You can use WebSphere Adapter for Flat Files to read data from a file in the local file system, use it in an application on IBM® Business Process Manager or WebSphere Enterprise Service Bus, and send it back to the local file system. You can also use the adapter to poll a directory in the local file system for new files and send these files to an application for processing. This article shows you how to increase the performance of the adapter, which decreases over a period of time as it processes large number of files (irrespective of size). It also addresses issues that you may face while configuring the adapter and its features.

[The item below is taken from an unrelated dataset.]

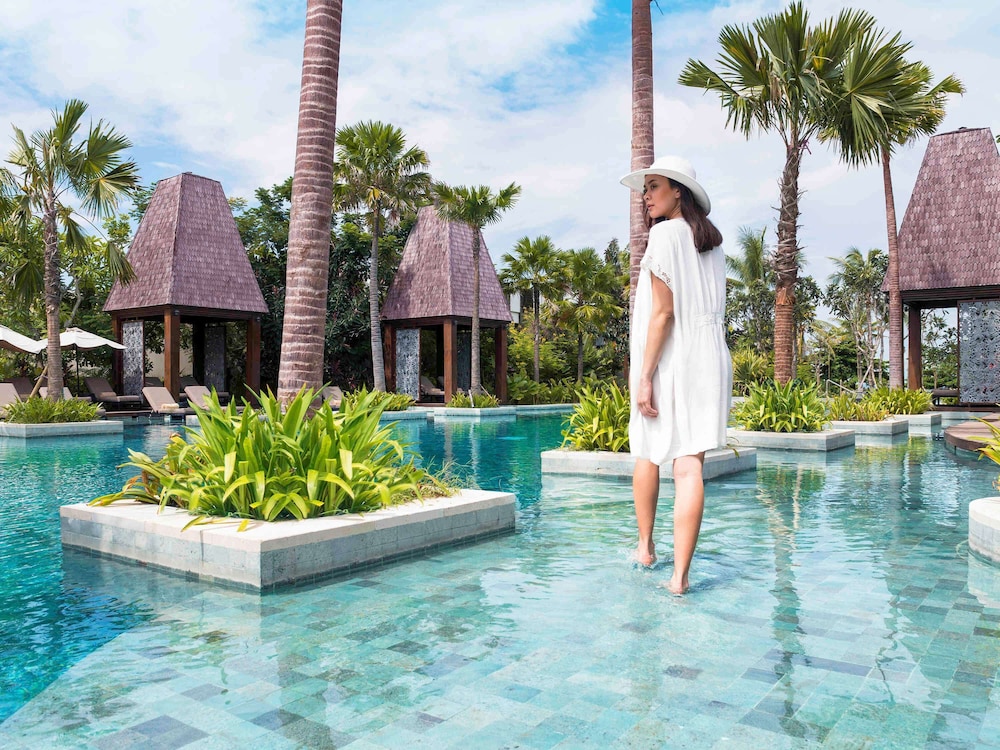 Sofitel Bali Nusa Dua Beach Resort 7/68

You need the following software to use the instructions in this article:
- IBM Integration Designer V8.0
- IBM WebSphere Adapter for Flat Files V188.8.131.52 or above
- IBM Business Process Manager V7.5.1 or above
Configuring WebSphere Adapter for Flat Files to improve performance
This article describes some possible scenarios that describe the features of WebSphere Adapter for Flat Files. These scenarios also describe the benefits of using those features and how to configure them to obtain maximum performance.
The following features are discussed:
- Configuring the Poll Period and Poll Quantity parameters
- Configuring WebSphere Adapter for Flat Files in a cluster environment
- Using the unordered polling delivery of events
- Using the SplitBySize and SplitByDelimiter features
- Using the cyclic mode to poll for modified content
Configuring the Poll Period and Poll Quantity parameters
The two most important configuration parameters for WebSphere Adapters are Poll Period and Poll Quantity. You can modify the settings for these parameters in the Activation Specification Properties of the adapter application.
Note: The settings for these parameters affect only the performance of the Inbound polling.
- Poll Period (pollPeriod): This parameter specifies the amount of time (in milliseconds) between polling actions.
- Poll Quantity (pollQuantity): This parameter specifies the maximum number of events that need to be processed during a polling action.
The Poll Period and Poll Quantity parameters control the rate and amount of work that an adapter processes. The combination of these parameters regulate the number of transactions that are processed first by the adapter, and then by the broker (for example, Business Process Management). These parameters influence the performance of the entire solution, not just the adapter.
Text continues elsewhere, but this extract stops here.